Machete

Machete

2:1 (4/5)

Director: Robert Rodriguez

Cast: Danny Trejo, Jessican Alba, Lindsay Lohan, Robert DeNiro, Steven Seagal, Cheech Marin, Michelle Rodriguez & Jeff Fahey

By Zander Sirlin

Raising his weapon of choice, “This is the boss” says Machete to his short-lived compadre as they drive into a wall of gun-toting goons.  Right from the get-go, Machete is balls-to-the-walls action.  The amount of death and nudity that ensues in just its hard-hitting first five minutes is greater than what most movies feature in their entirety.  Included in filmmakers Robert Rodriguez and Quentin Tarrantino’s 2007 double-feature exploitation-cinema tribute Grindhouse was a joke trailer for Machete, then a non-existent movie.  The positive reaction to the trailer prompted Rodriguez to remake it as a feature length film.  If you, like me, were skeptical that the hilarity of the short original could successfully be expanded upon, I am happy to report that you need not worry. Sickeningly dirty, delightfully corny, and surprisingly topical, Machete is possibly Rodriguez’s best work.

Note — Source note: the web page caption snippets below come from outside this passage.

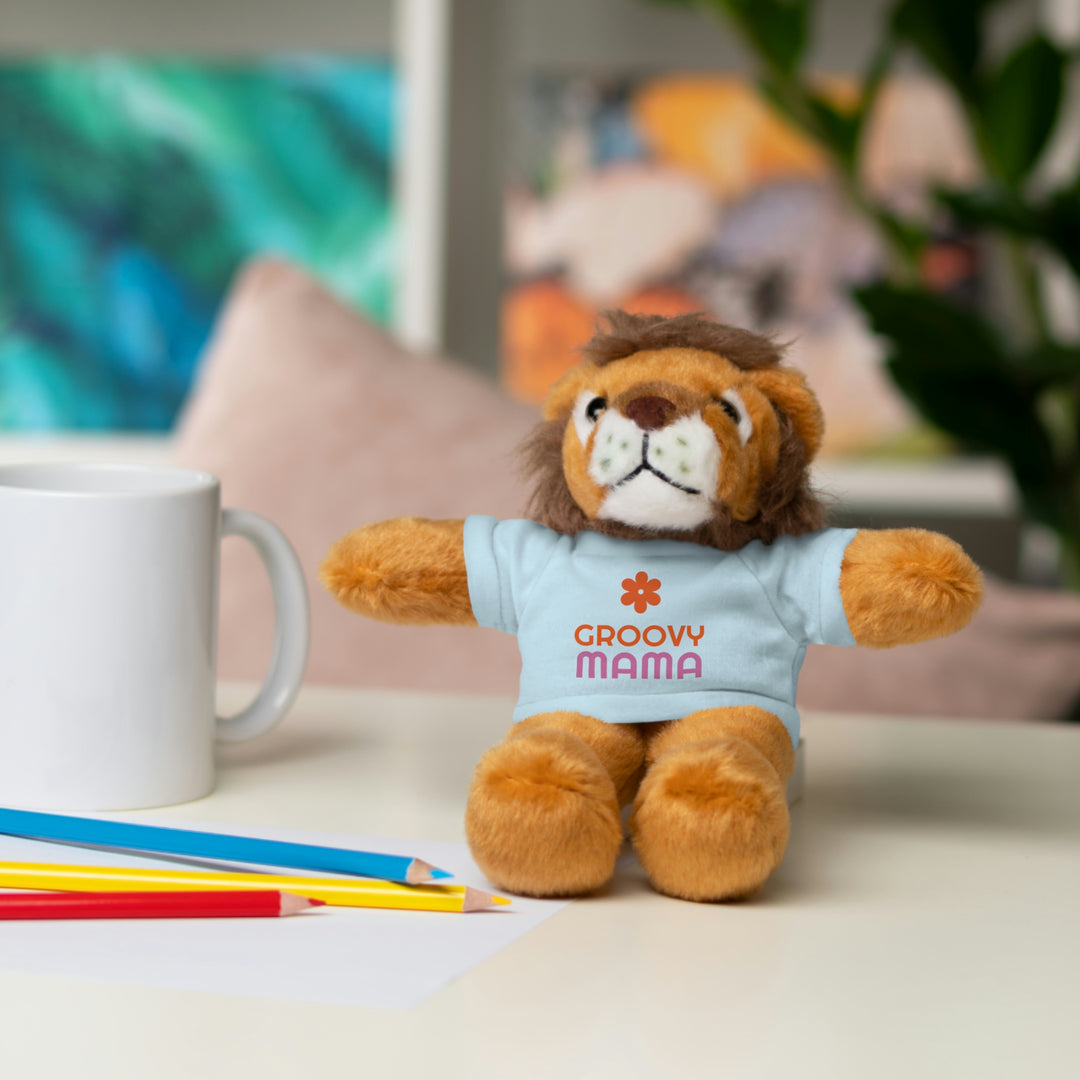 Groovy Mama Stuffed Animals with Tee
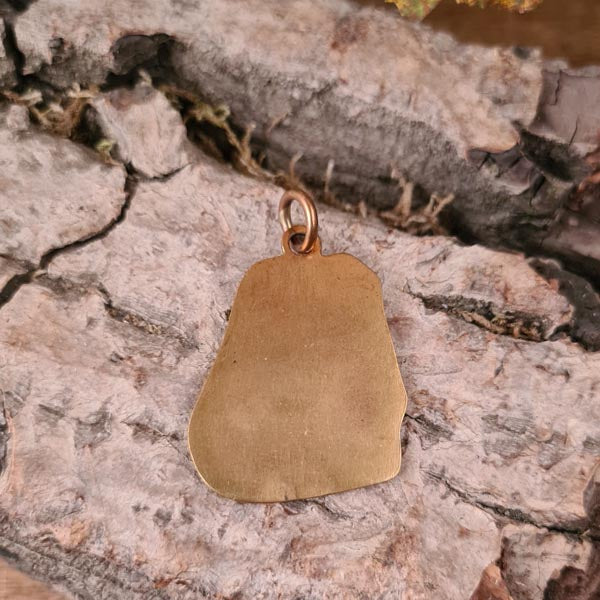 Amulett Wikinger Runenstein Uppland im Urnes-Stil aus Bronze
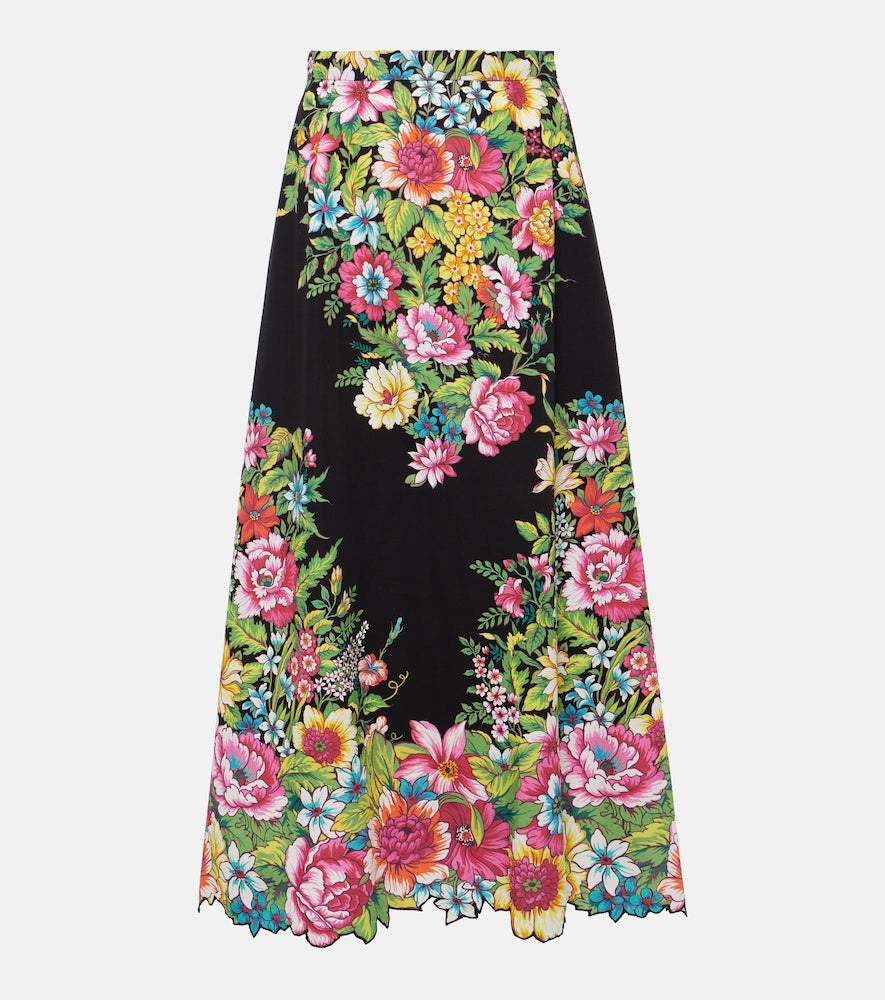 Etro Floral cotton maxi skirt - Etro Floral 棉质长裙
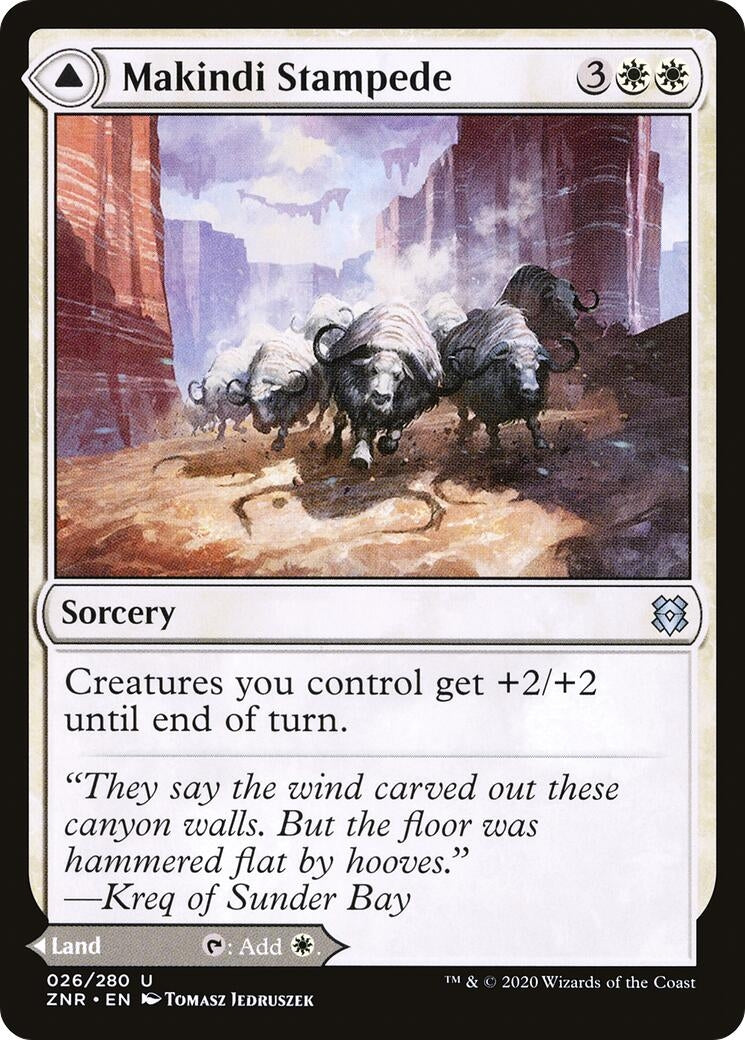 Image for Makindi Stampede (26) [Zendikar Rising] - Magic: The Gathering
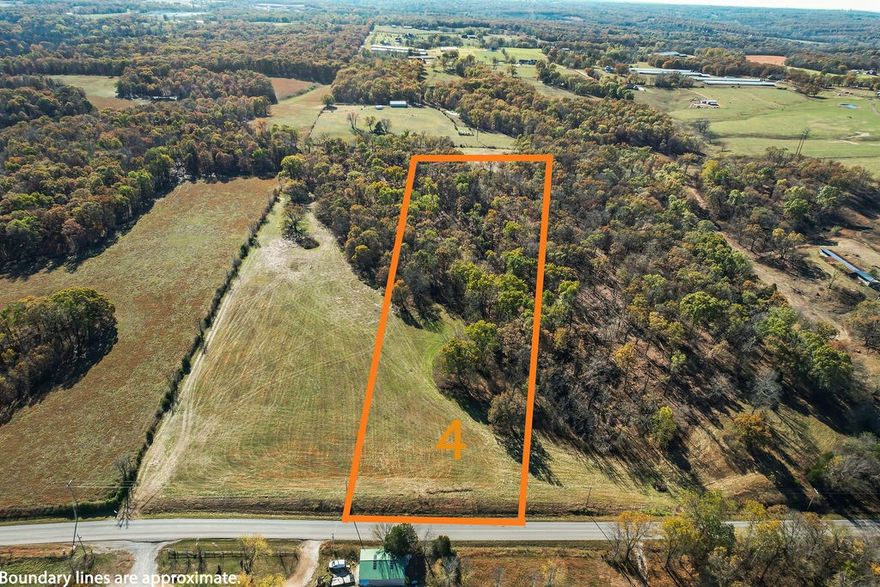Last lot available! Excellent location to build your dream house with enough land for some livestock or horses. See photos/attached plat. (Note, photos were taken prior to homes built on other lots).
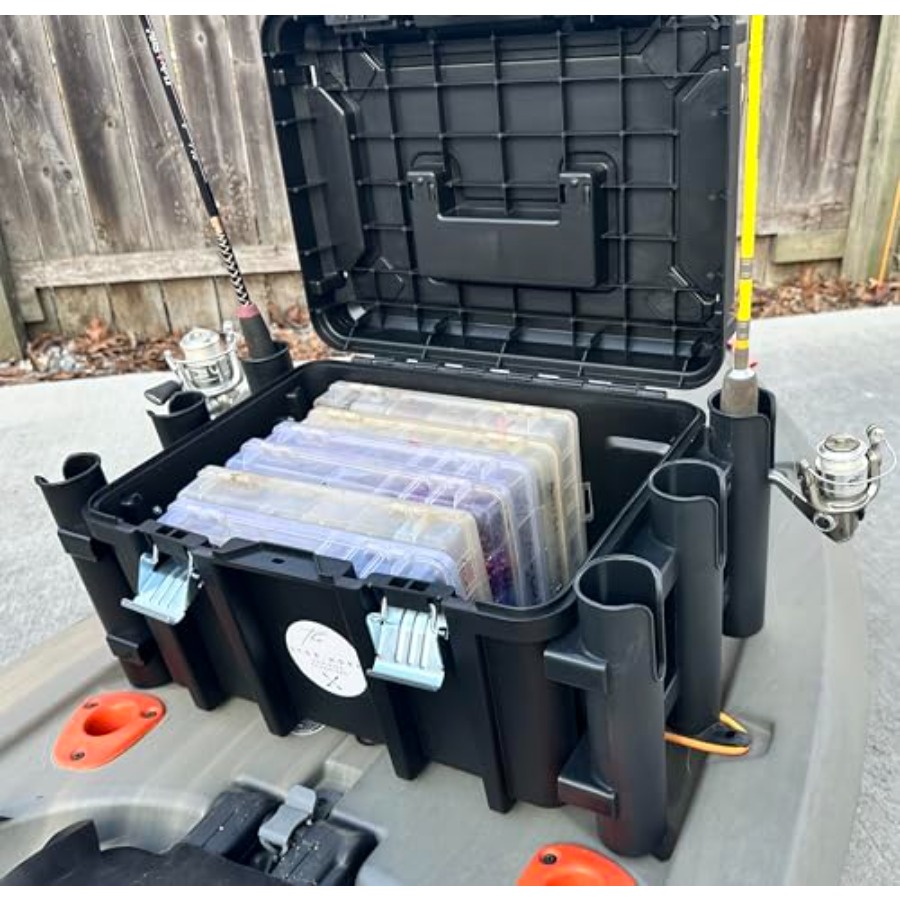 Kayak Fishing Crate - 6 Integr - Fishing Kayak Rod Holder ulasan dan harga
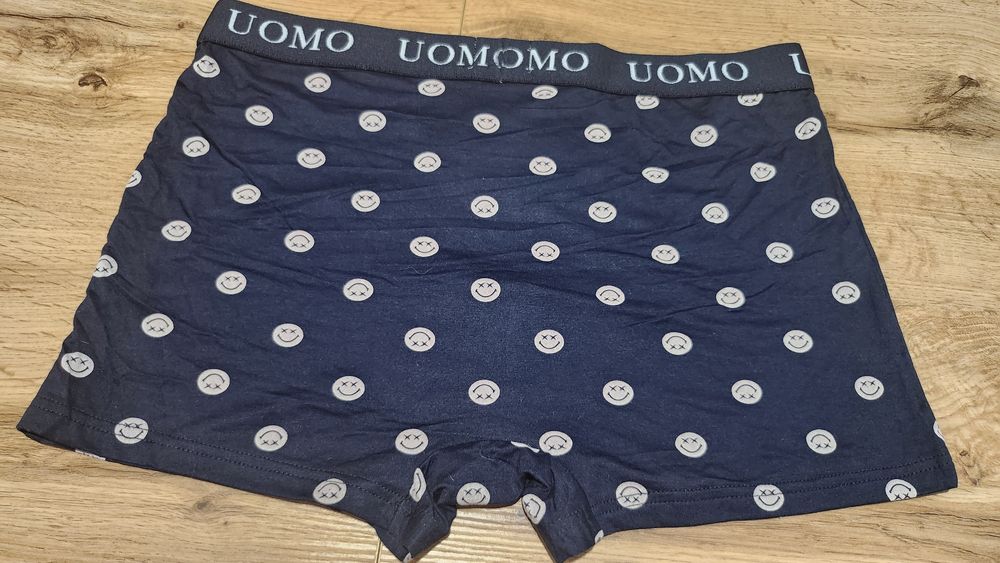 Zestaw 2 par świetnych bokserek męskich buźki Uomo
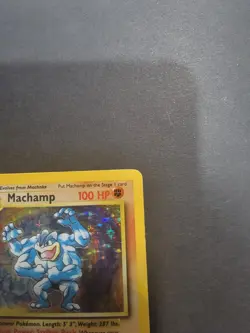 Pokemon Machamp Holo Rare Unlimited Base Set 8/102 1999 100HP - Image 3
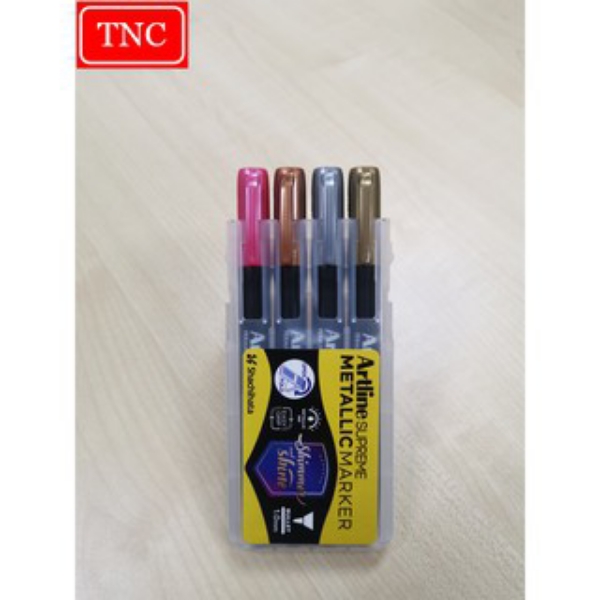 Picture of Artline Supreme Metallic Permanent Marker Set 4 790 (1)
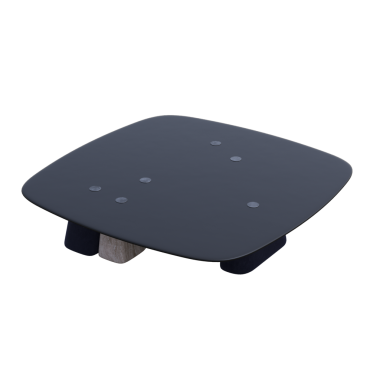 Beyaz arkaplan üzerine masa, mobilyaların gerçekçi 3D sunumu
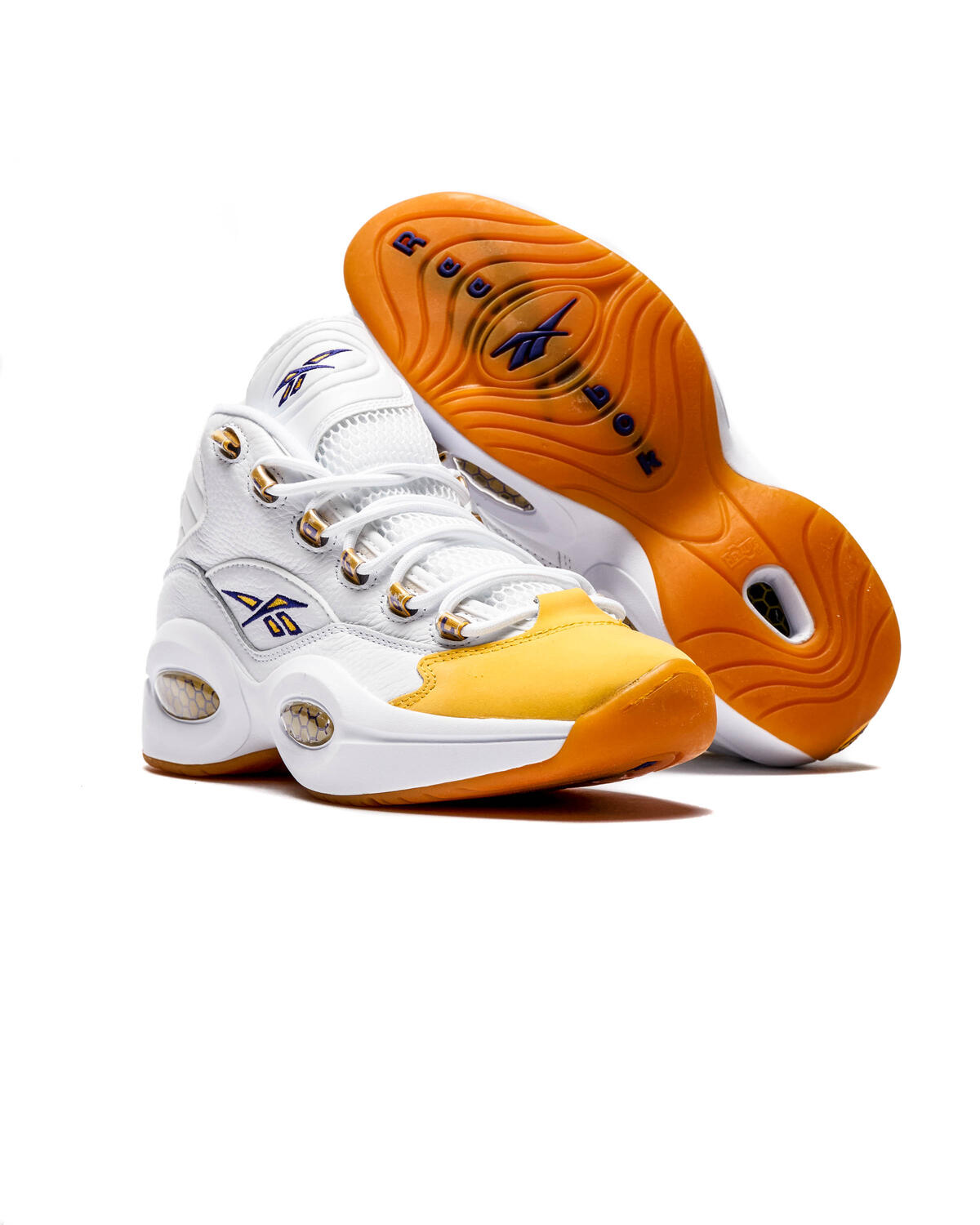 Reebok Question Mid Yellow Toe - Image 18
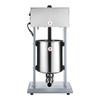 Elektrischer Wurstfüller, 10 kg / 22 lbs Vertikaler Fleischfüller mit stufenloser Geschwindigkeitsregelung, Edelstahl-Wurstfüllmaschine, Fußpedal & 4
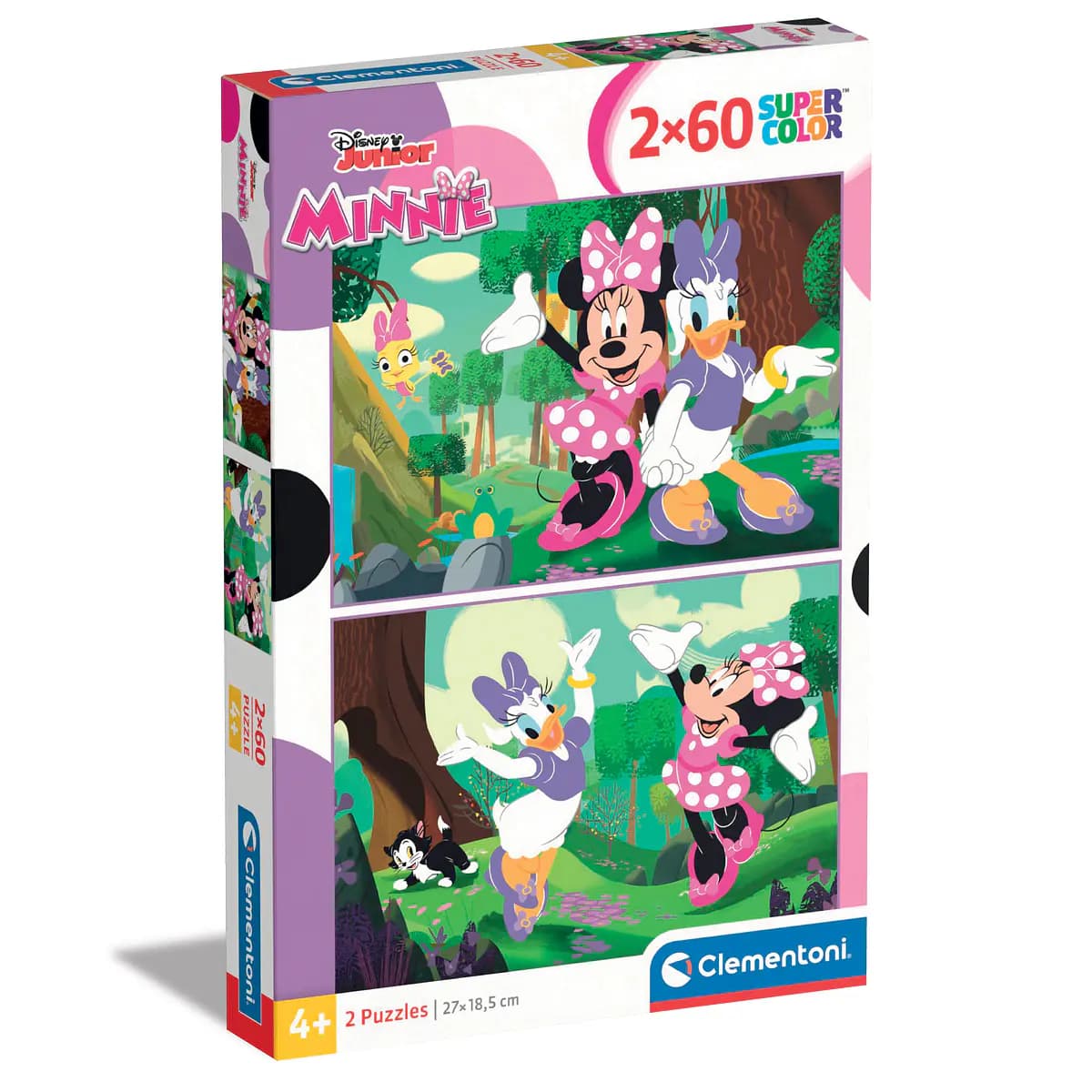 Clementoni Puzzle 2x20 peças da Disney: Minnie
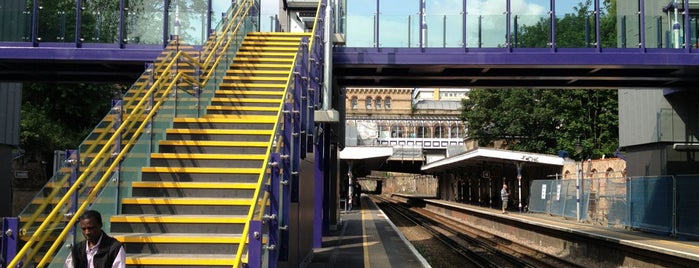 Denmark Hill Railway Station (DMK) is one of London // SE5 (Camberwell, Brixton & Peckham).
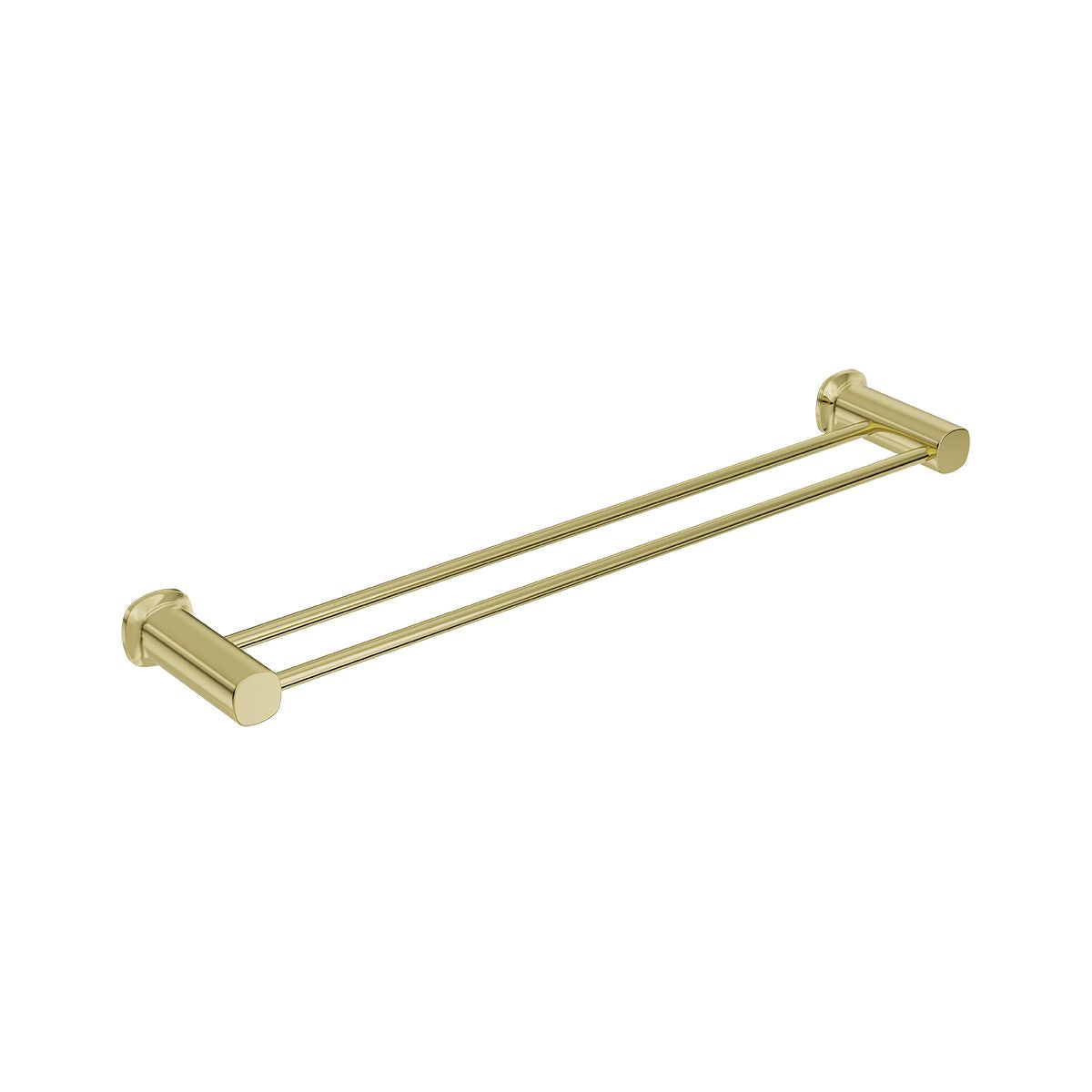 SYMMETRY Double Towel Rail 800mm Champagne Gold, front view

Machete follows a Mexican federale who, after losing the lives of his wife and daughter to the hands of druglord Torrez (Steven Seagal), finds himself working as an illegal day laborer on the north side of the Rio Grande border.  One day he is given a job offer he cannot refuse to assassinate the radically anti-immigration politician McLoughlin (Robert DeNiro).  Machete is double-crossed while carrying out his task but as the original trailer suggested, “they just fucked with the wrong Mexican.”  Aided by taco-truckwoman/revolutionary Luz/Shé (Michelle Rodriguez), I.C.E agent Sartana (Jessica Alba), and his priest brother (Cheech Marin), Machete beds many women and spares few men in a bloody rampage against those who have wronged him.

Machete’s acting ensemble, which also includes Lindsey Lohan as Booth’s drug-addicted daughter and Don Johnson as a disturbed vigilante gang leader, is perfect despite seeming like an absurd mess of miscasts on paper.  An actual ex-con, 66-year-old Trejo still looks like he just walked out of prison.  Even though he has never fronted a cast before, he is the right hardman for the job.

Compared to the mostly wimpy action movies of recent memory, Machete is gorifically refreshing.  It manages to display great humor through its over the top approach whilst cleverly transcending the B-movies that inspired it.  For the better, it never becomes a complete joke.  Machete concludes with the promise of not one but two sequels; not an empty promise I hope.  I left the theater with an intense craving for a burrito and a smile that lasted for days.